1. People are easily scared: Hillary's three ayem phone ad was, according to polls, actually effective. Obama was seen as the less-steady hand, the shaking newby who would crack under pressure. Seems pretty silly now, doesn't it? The man's proving to be a rock - and a confident one.
2. Scared people get angry: Once the fear of Obama was spread around thickly enough, people reacted with anger. Who can forget the Republican crowds screaming "terrorist!" "Kill him!" And that anger turned against John McCain when he tried to reassure them they had nothing to fear from an Obama presidency. And these were his supporters!
3. Scared people will latch onto things that make them feel safer. Conservatives clutched Just Sarah From Wausilla to their hearts. She was young, she was pretty and she was absolutely certain everything was going to be okay. Progressives held Obama equally tight. Ditto. Luckily for Just Sarah, she's not going to be held accountable for this poop soup that used to be our economy. Our president-elect, you must admit, is a brave soul. I wouldn't want to take this job on.
4. Even scared people can be won over. I have some very conservative relatives. One of them will also freely admit to being a racist. So imagine my surprise when, in a recent conversation, he told me he "didn't think too badly of Obama" anymore. "He's certainly smart," he told me, "and he seems to be sincerely trying to fix things. I wish him well and hope he can do it." Score one for the Obama Team.
5. The people in charge don't necessarily know more than I do. It's a holdover from childhood - this assumption that if you're in charge, you must know more than me. You'd think that eight years of George W. Bush would have beaten that out of me. But it took Hank Paulson to do it once and for all. The poor man is clearly in way over his head - he's trying to come up with a rescue plan without a firm handle on what might work and a mandate to take care of old pals....but don't forget to not totally alienate public opinion! Remember that old Star Trek episode where Kirk used logic to short out the bad robot? "You say you are lying, but you tell the truth..." Paulson's conflicting imperatives are forcing a series of epic flip flops and I am expecting to soon see steam coming from his ears as his circuits overheat. I believe this problem is going to take a committee - a bunch of smart people bouncing it around until they come up with a plan...not a unilateral fix that is politically expedient. Score another for the Obama Transition - the team's gelling.
6. The media is ridiculous. Yes, I know. I'm one of them. But really. It's downright embarrassing. Because cable and satellite have created a 24 hour news cycle, the news shows most resemble a bunch of old people sitting around a table hashing and rehashing the same topic as they play canasta. "Is this change or just more of the same?" "Should Obama be keeping a lower profile?" "Is Obama taking charge too soon?" "Which dog will the Obama's get?"
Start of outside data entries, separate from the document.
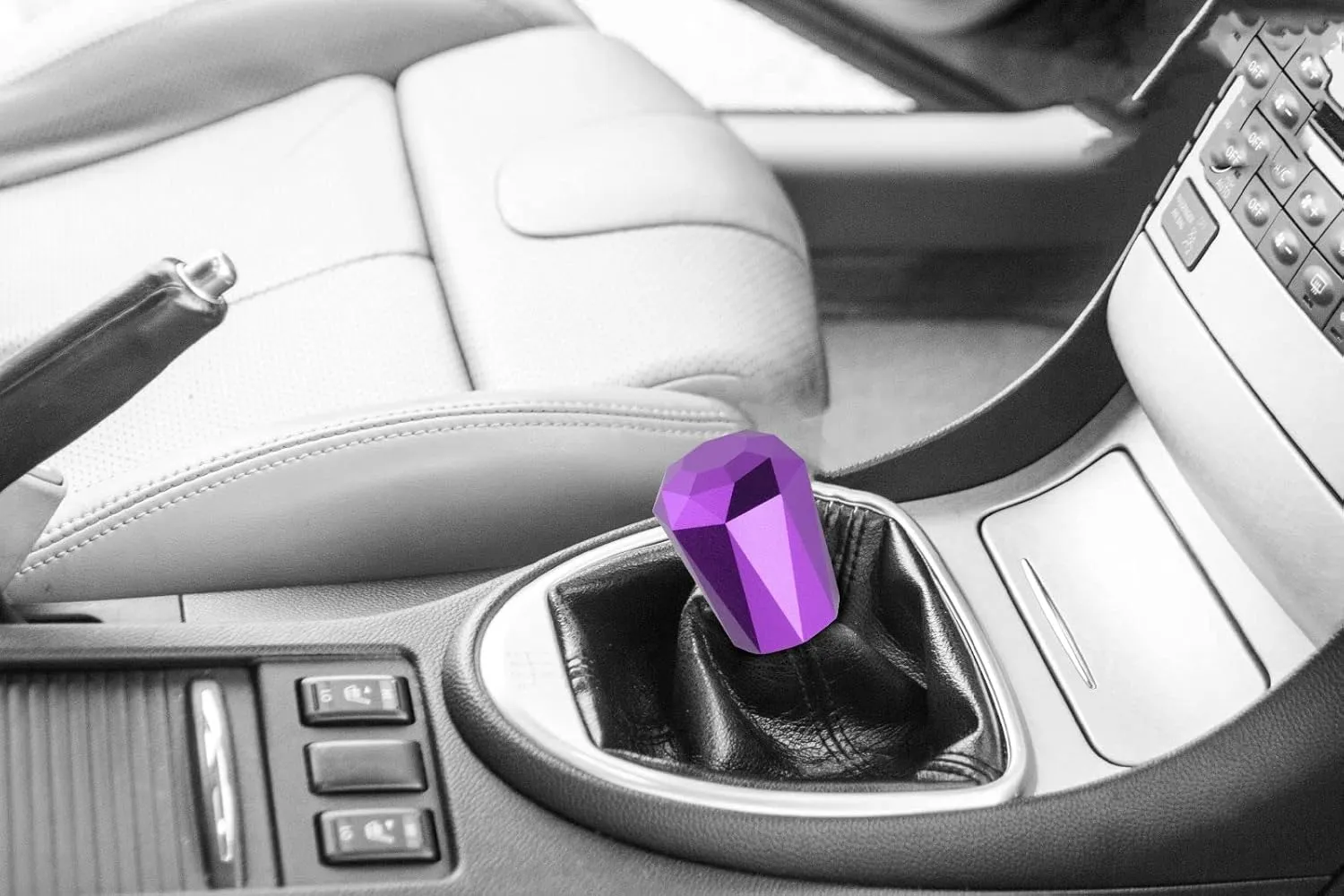EZAUTO WRAP Universal Purple Diamond Shifter Chrome Aluminum Automatic Shift Knob Stick Manal Gear Lever Handle with 3 Threaded Adapters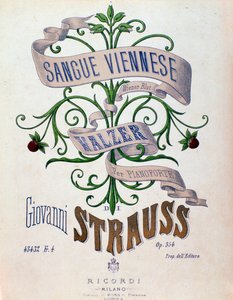 Johann Strauss Bécsi vér című partitúrájának frontképe alkotó: Anonymous Anonymous
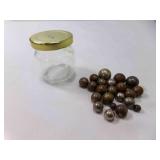 Small Jar of Steel Ball Bearings Various Sizes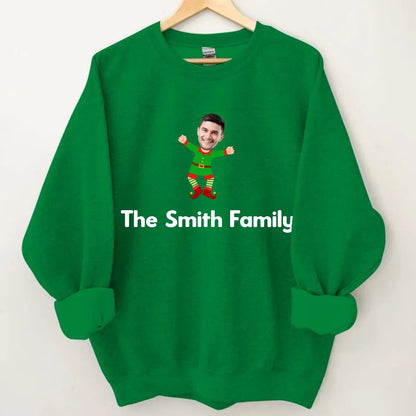 Customized Christmas Style Elf Costumes - Personalized Family Name And Photo Crew Neck Cozy Sweatshirt - A Gift For Family,Team - OLESA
It's the same stuff over and over and over and there's rarely anything new. When there is, everyone pounces on it like a pack of dogs in an alley. Pretty soon it's so mangled there's nothing left but a little bone.
7. Rachel Maddow and Jon Stewart rock. Jon Stewart is my favorite media watchdog. He's smart, he's willing to take on the people he likes as well as the ones he disagrees with, and he's essentially good hearted. This man brought on the tightly wound Bill O'Reilly and offered him not a tongue lashing, but a cup of cocoa and a teddy bear. It was a dig, but there was an element of sincerity. Stewart's essential warmth (remember him after 9-11) and obvious idealism make him the critic with a heart. And man, does the media need to be watched. Opinion masquerades as news everywhere now.
Maddow has a similar warmth. She may be progressive, she may be snarky, but she's human. When she says she's been waiting years for infrastructure to get sexy, you know she means it - and she's thrilled that it's happening. She's not standing on the sidelines jeering, she's emotionally in the middle of things and talking about things that she believes matter. I can't watch the news much now - it makes me twitch. But Stewart and Maddow still tell me what they're thinking most nights.
8. I Don't Know Much. I never thought I knew much...lots of people had more information and lots more opinions. I've come to realize I know very little - and any opinions I hold are subject to change as more information becomes available. I think the good thing is once you know you don't know much, you're willing to listen and learn. I'm listening.